### THE DATA:
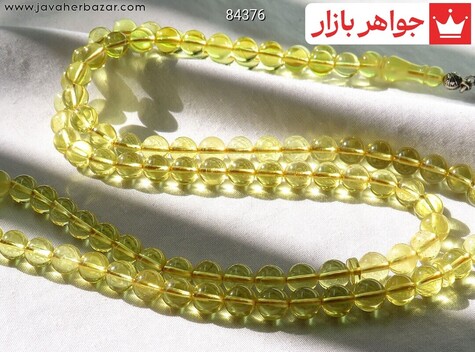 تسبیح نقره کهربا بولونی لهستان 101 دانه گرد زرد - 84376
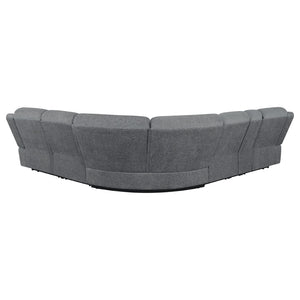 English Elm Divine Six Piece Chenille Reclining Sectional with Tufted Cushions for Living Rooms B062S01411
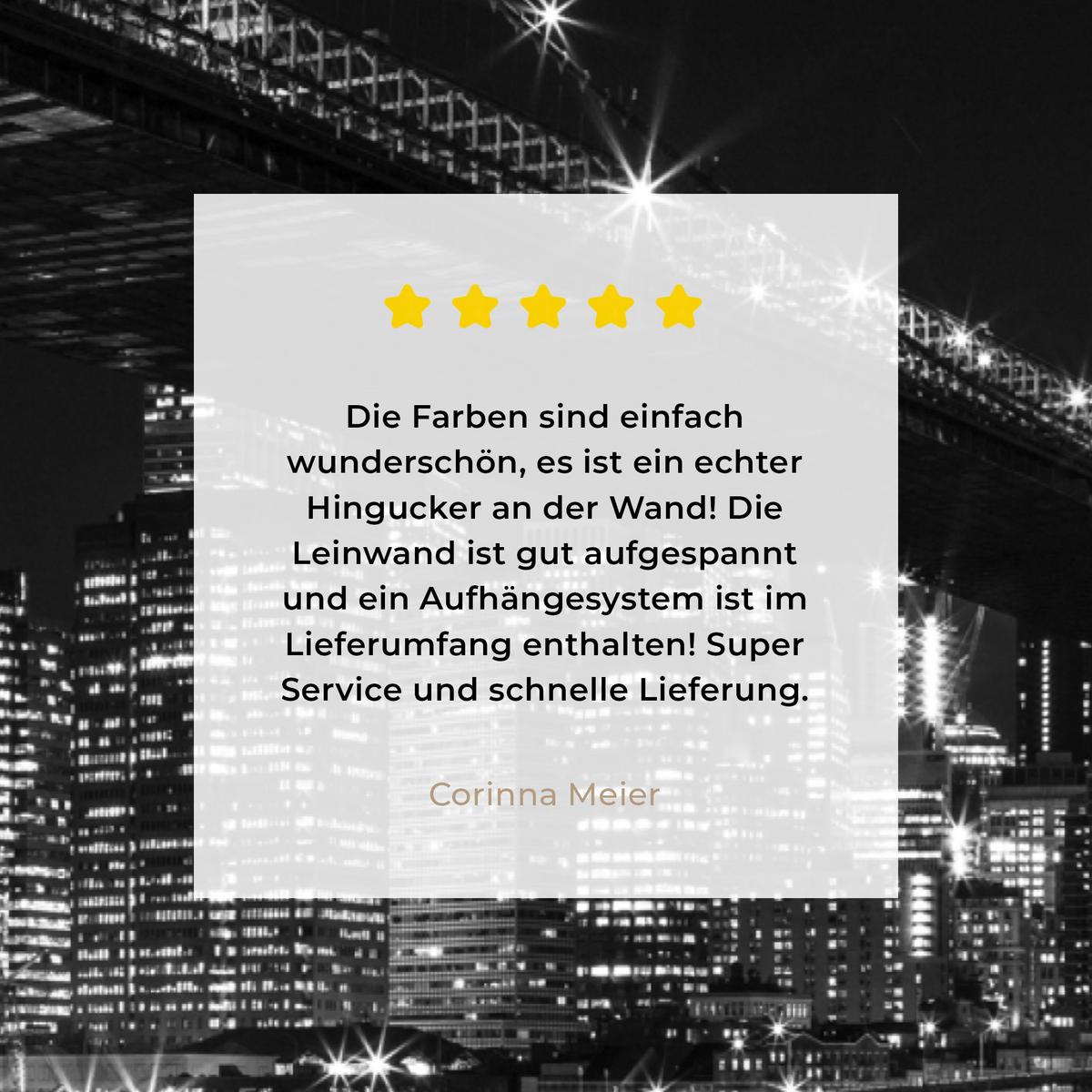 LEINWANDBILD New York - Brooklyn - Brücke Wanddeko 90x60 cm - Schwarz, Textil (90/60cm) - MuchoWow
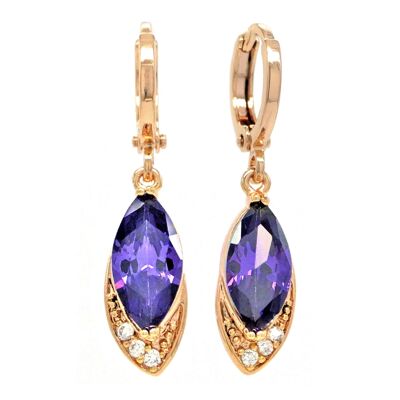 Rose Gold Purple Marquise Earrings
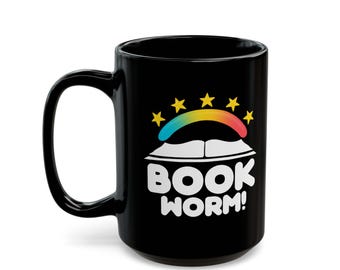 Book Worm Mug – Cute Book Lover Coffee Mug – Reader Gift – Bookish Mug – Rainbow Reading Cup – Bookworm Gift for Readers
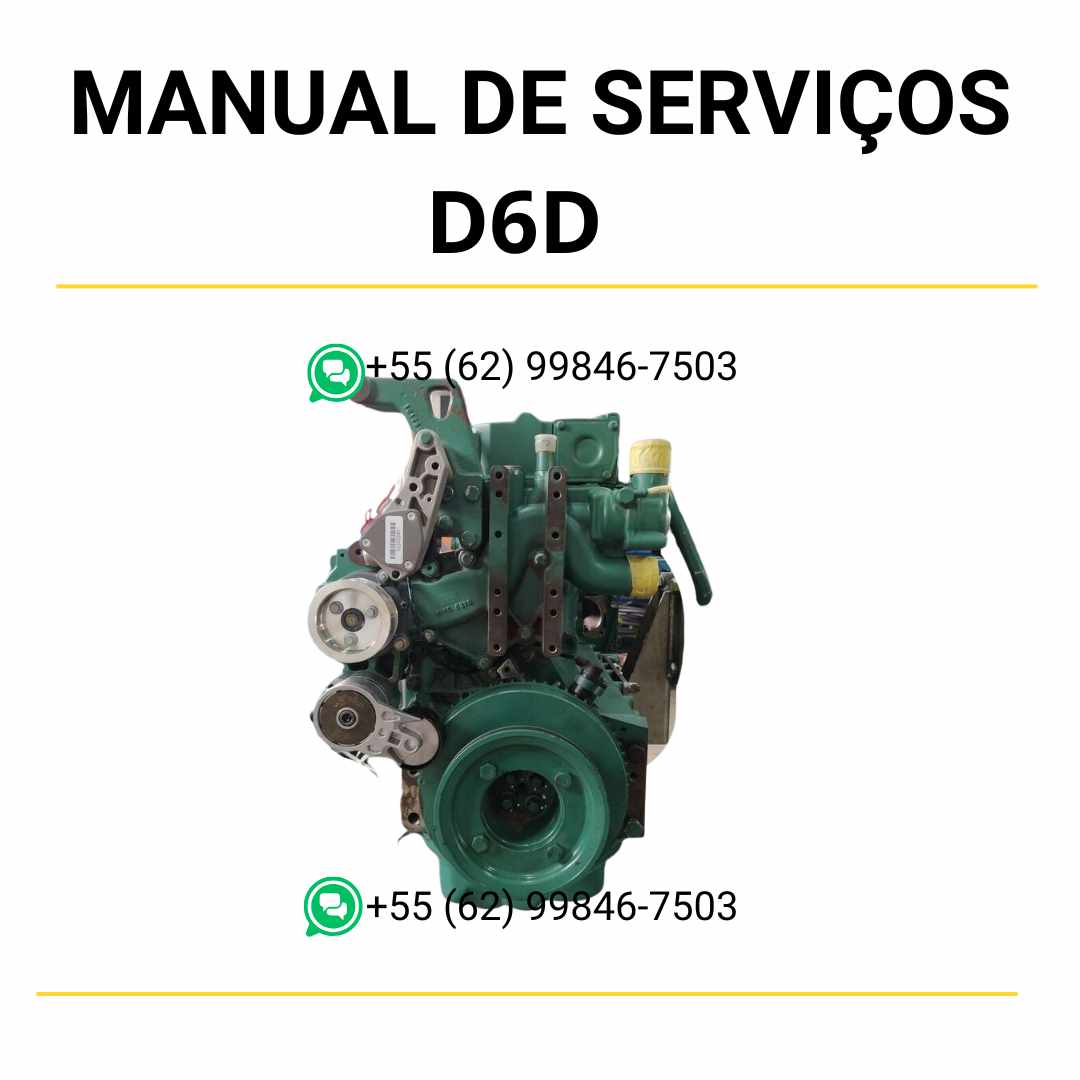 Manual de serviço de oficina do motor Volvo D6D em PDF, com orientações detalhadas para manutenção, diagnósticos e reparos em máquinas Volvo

### WORK ORDER:
Before duplicating, set the pictures aside; then output exactly the lines from the one with "LEINWANDBILD New York" through the end of the records, and only those.

### SOLUTION:
 LEINWANDBILD New York - Brooklyn - Brücke Wanddeko 90x60 cm - Schwarz, Textil (90/60cm) - MuchoWow
 Rose Gold Purple Marquise Earrings
 Book Worm Mug – Cute Book Lover Coffee Mug – Reader Gift – Bookish Mug – Rainbow Reading Cup – Bookworm Gift for Readers
 Manual de serviço de oficina do motor Volvo D6D em PDF, com orientações detalhadas para manutenção, diagnósticos e reparos em máquinas Volvo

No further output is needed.